According to a new study of billions of app behaviors by AppLovin and Tune, the peak times for making mobile purchases are 7 a.m. and 7 p.m., right before or after work hours.
The levels of in-app purchasing start to climb at about 6 a.m. and then descend quickly as 9 a.m. approaches. Similarly, buying activity ramps up again at about 5 p.m. and peaks at 7. All of the times were normalized to Pacific Standard Time, so peaks in other time zones are influencing the curves as well.
One might expect that the lunch hour would experience a spike in m-commerce action, but the reverse is true. The 1 p.m. hour represents the true low in mobile buying, even compared to the wee hours of the morning.
The weekends are when the most mobile purchasing happens. When overall mobile revenue for a week is broken down by day, Sunday is the peak, followed closely by Friday and Saturday. In fact 44% of mobile buying occurs across those three days. This is unlike typical patterns for desktop ecommerce, where Monday generally is seen as the revenue peak.
Interestingly, the survey found that overall usage rates for mobile purchasing do not correlate with buying. Both usage and buying do peak on Sundays and dip significantly on Wednesday. But when you drill into time-of-day metrics, overall mobile usage climbs slowly throughout the day, peaking at around 8 p.m. People appear to be in a buying mood before work, if not in a mobile use mode.

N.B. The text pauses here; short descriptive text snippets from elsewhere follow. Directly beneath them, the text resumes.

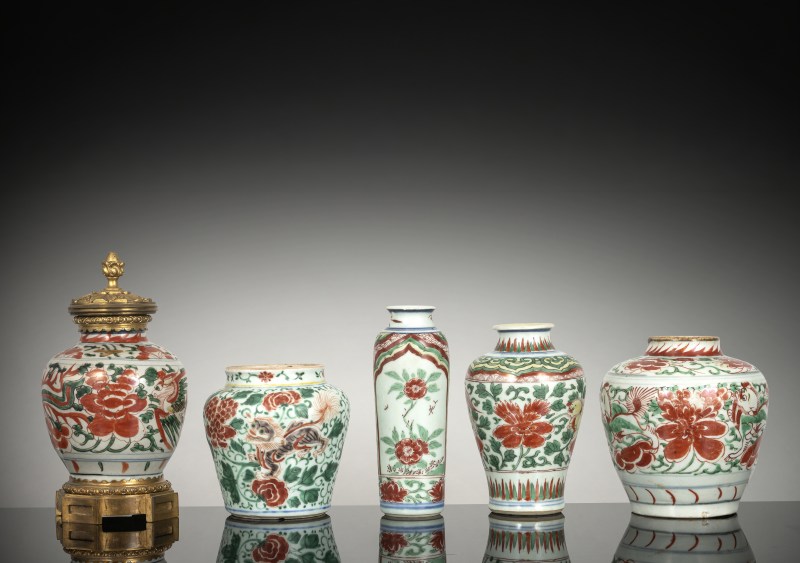 A group of five vases and shoulder pots with 'Wucai' decoration, including flowers, lions and phoenixes, one with a European ormolu mount - 图1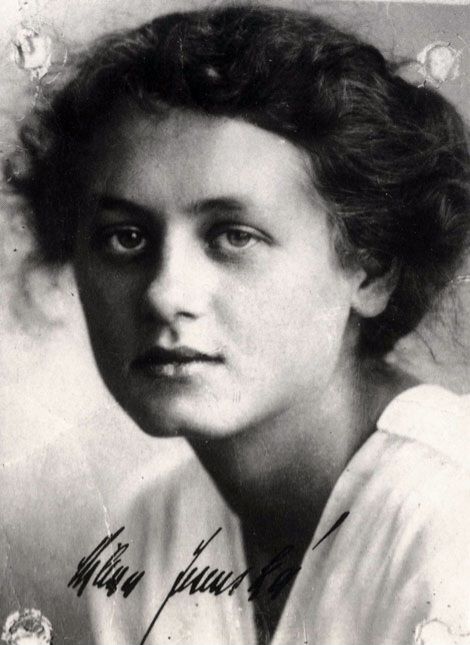 Fotografie mit Heftlöchern an den Ecken und Unterschrift unten zeigt Milena Jesenská als junge Frau. Sie blickt nachdenklich in die Kamera und trägt ihre gewellten Haare nach hinten gebunden.
Nachweis von wiki commons folgt.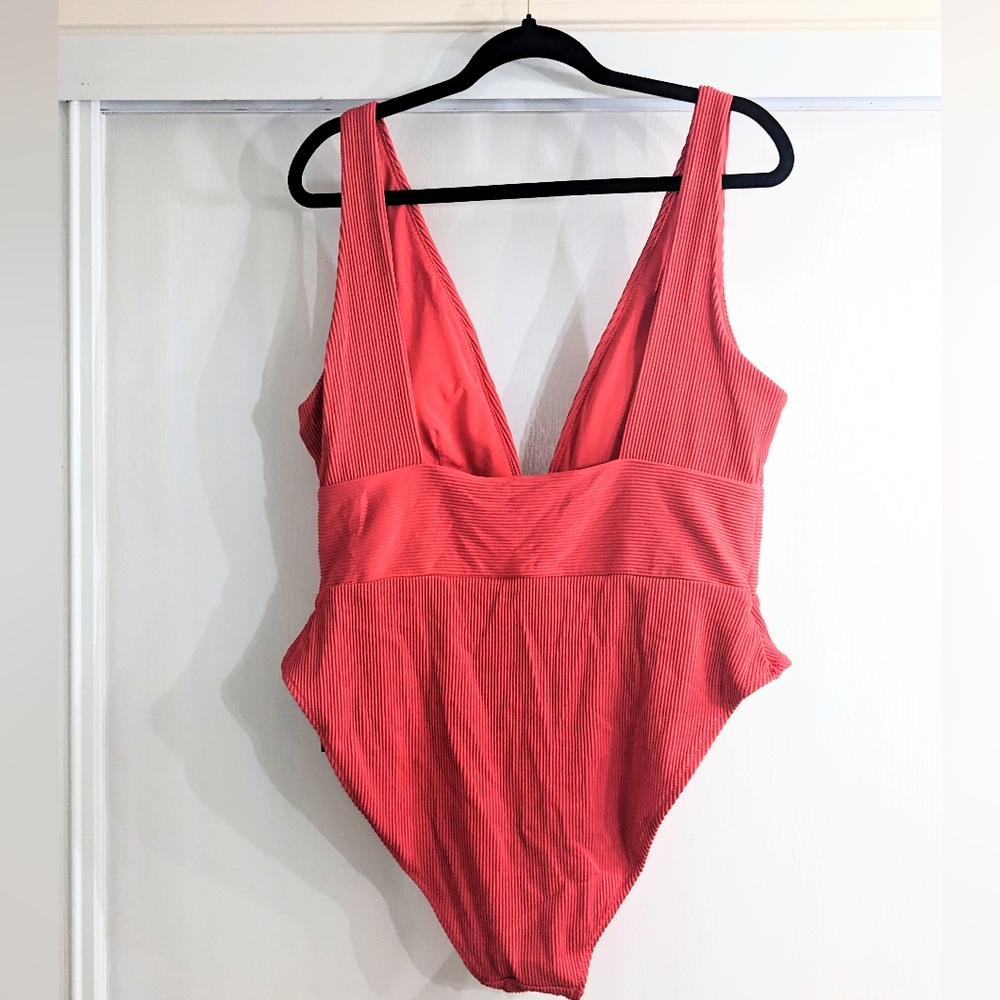 New H&M High Leg Ribbed Swimsuit - Picture 3 of 3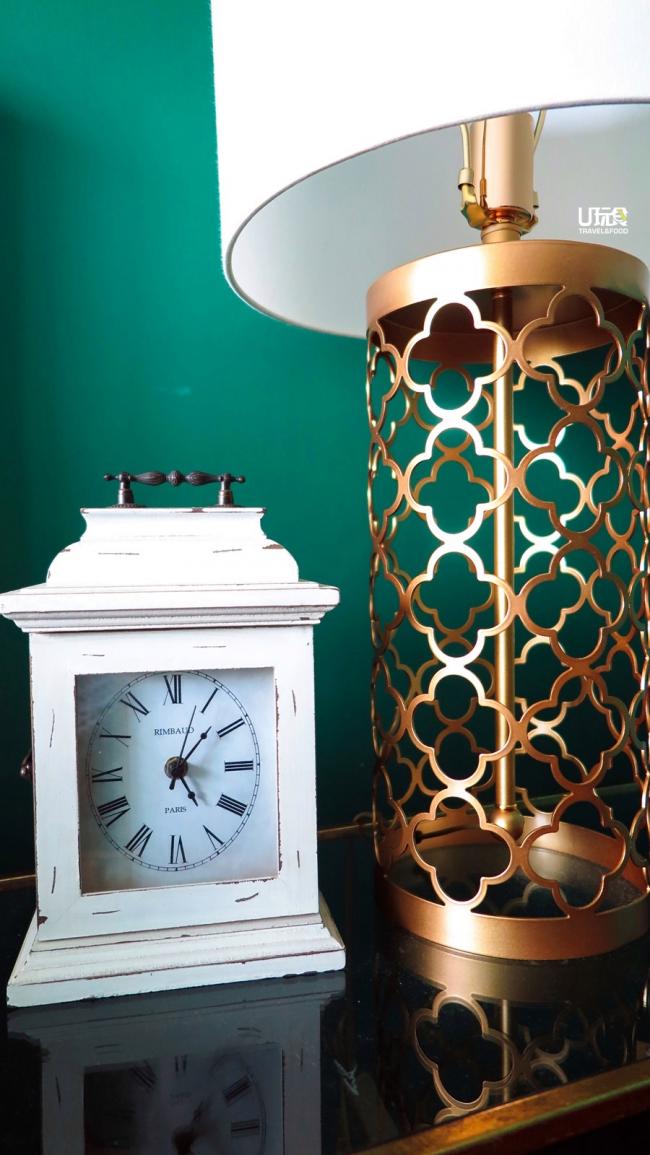 主人房里的灯饰及复古桌钟颜色是民宿主人为房间精心设计的配搭。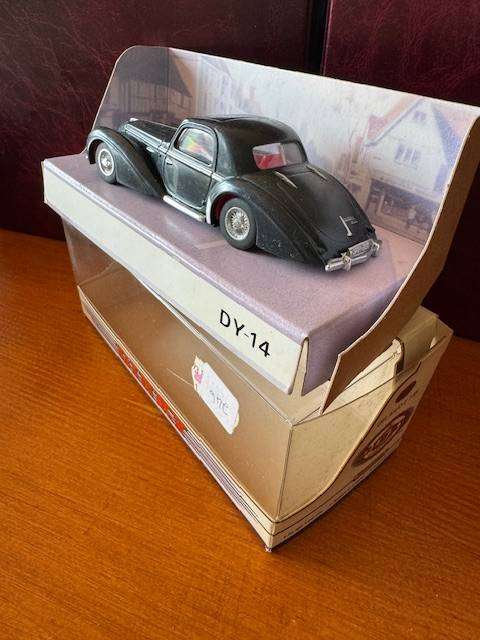 Dinky Collection - DY14 - Delahaye 145 - dark blue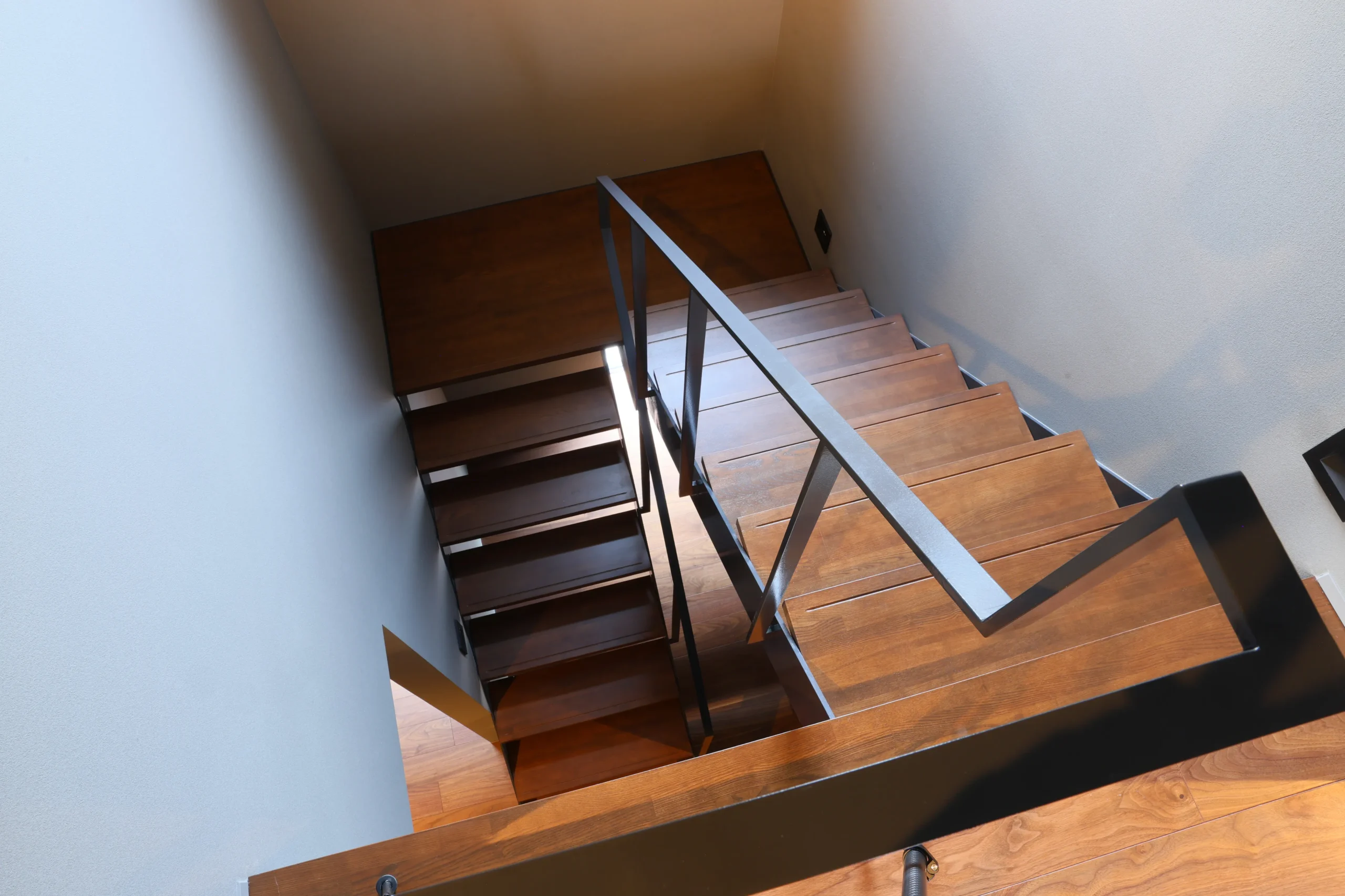 素材と光が織りなす高性能な高級注文住宅の施工事例画像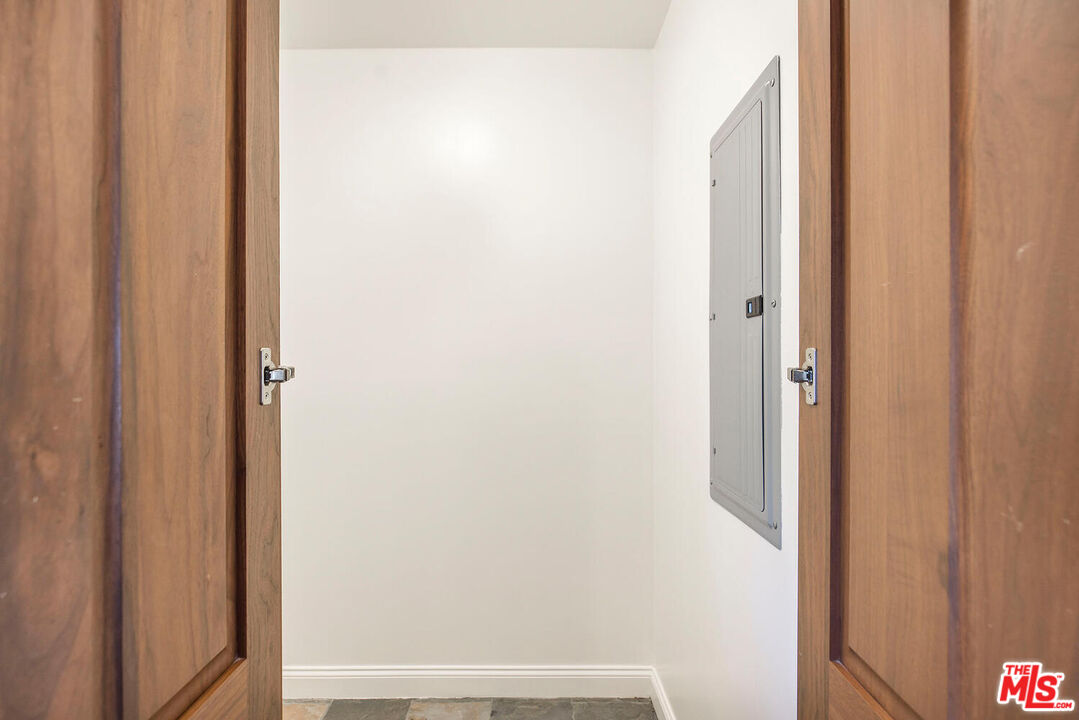 17108 Oak View Dr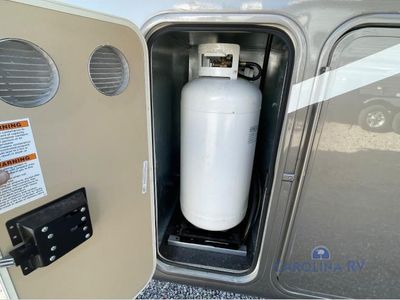 2021 DRV Luxury Suites Mobile Suites FKMB - Photo 8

As mobility untethers the buy cycle from its standard anchor circumstances such as in-store, it seems the impulse to buy becomes more fluid. One doesn’t need to hit a buy button at a given moment, because that moment can be anywhere and anytime. But it still happens most often in the morning and evening, and most likely in the home.
I would argue that buying is often aligned with lowered inhibitions: that point when the benefit or pleasure of a desired object outweighs the cost restraint. Even though mobility makes it possible to hit the buy button 24/7, there are still underlying rhythms of human moods that live apart form the technology.